After long study, then, the critic is given by the good book a feeling of understanding and this feeling drives the critic to interpret. That is, this feeling drives the critic to want to explain to others what the critic has felt. Having been driven to this the critic has to find ways to express this understanding, within the forms open to the critic.

In the West this usually means through the essay for a general audience, or the critical essay for a more specialised audience. Here the critic will usually link the work the critic has read with other things which help the critic to explain the kind of meaning the critic has felt while reading the work. 

There is not enough time here to talk about the various methods of interpretation, of which there are many. I will just pass on to one more idea which will lead me to one claim.

4. Teaching (slow reading)

In some ways the critic is like the writer they write about, but in other ways different. The writer does not have to explain the meaning they create, whereas the critic attempts to. This is a fundamental difference. The writer leads the reader to think, the critic tries to move from being lead to think to examining what it is that one is thinking about. So the critic attempts a specific kind of pedagogy or teaching. It is not clear that the writer has to teach, however, or what they might wish to teach.

There is one thing, however, both the critic and the writer might be said to teach. They both teach ‘slow reading’. 

In the late 19th century the German philosopher Freidrich Nietzsche, who began his career not as a philosopher but as a philologist (that is, someone who studied the meanings of words) wrote “It is not for nothing that one has been a philologist, perhaps one is a philologist still, that is to say, a teacher of slow reading.”

I would claim that all those critics who work from understanding, in the way I have set out, teach slow reading. That is, they attend with care to the books they read and try to make those they teach also attend to those books with care.

This is a controversial claim nowadays in the West, as other methods are used and promoted, such as ‘distant reading’ which considers works of literature to be manifestations of general tendencies in any culture.

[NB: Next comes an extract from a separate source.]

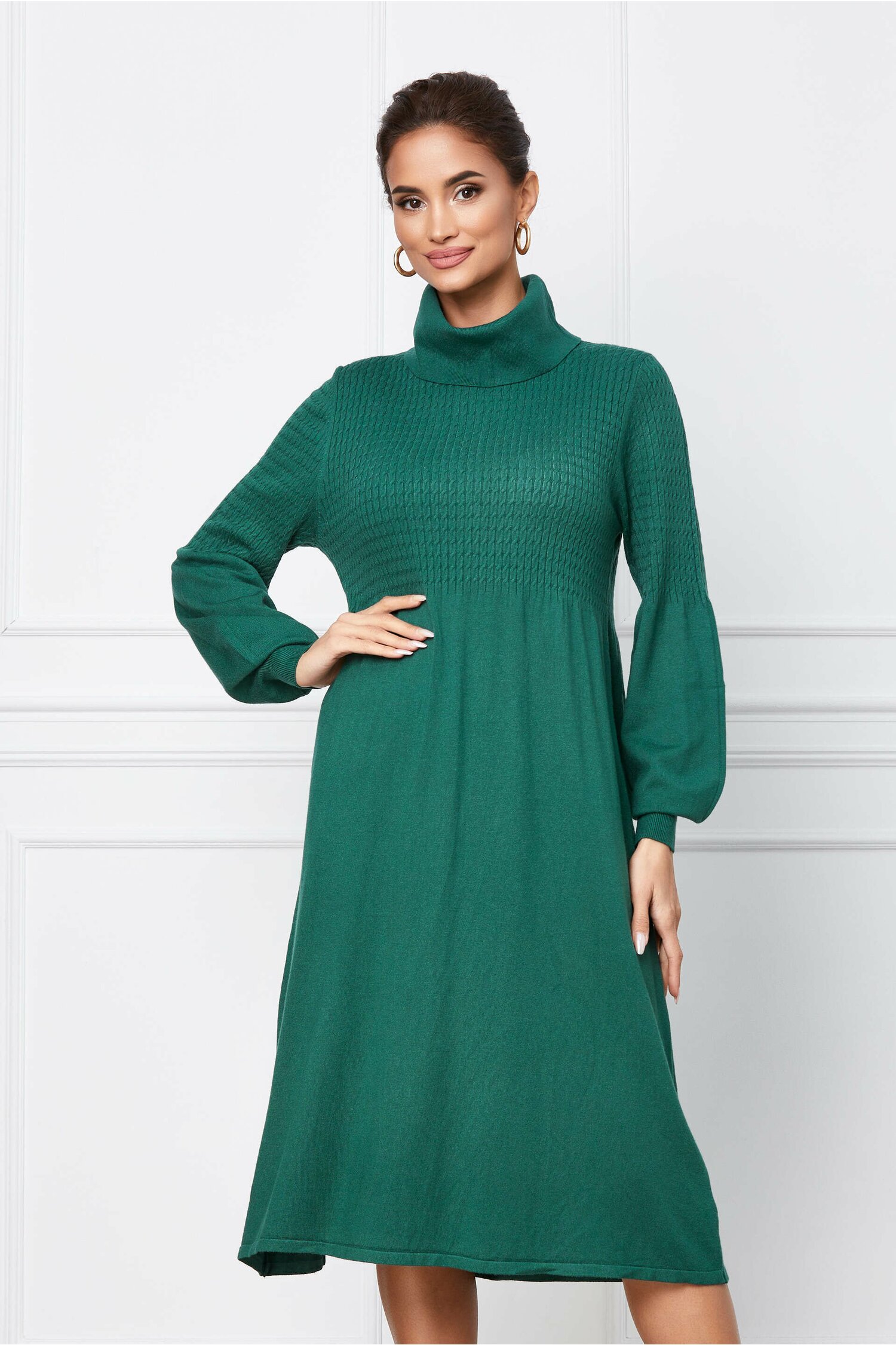 Rochie Jamela verde din tricot cu guler inalt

To my mind, however, distant reading is not really concerned with literature itself; rather, it is concerned with literature as a social function. This is clearly criticism, but it is not specifically literary criticism, it is social criticism. I do not mean to dismiss social criticism here, on the contrary, I merely wish to argue for the value of literary criticism.

5. Value

Critics who consider the social function of literature will have certain models of value, related to social formations and their generation. They will judge literature, insofar they do, with regard to the role it might be understood to play within these social formations.

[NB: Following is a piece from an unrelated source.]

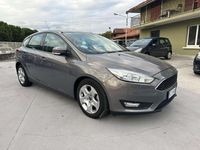 Usata Ford Focus 95 CV (69 kW) 2015 Grigio Berlina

The teacher of slow reading, however, will have a different idea of value. This is an idea of value which is, unfortunately, as challenging as the concept of intuition with which we began (and with which we always begin). 

The value is the value of meaning itself. The value involved for the critic who reads literature closely is the sense of meaning that the work the critic has read has given to the critic.

The value of criticism, then, is the extent to which it is capable of amplifying, underlining or exemplifying some of the kinds of meaning the good book (no doubt in relation to many other books) has caused that critic to feel. This in turn will allow others to understand. It will give others materials with which to learn to understand (just as Malcolm X read the dictionary from cover to cover to have materials with which to understand).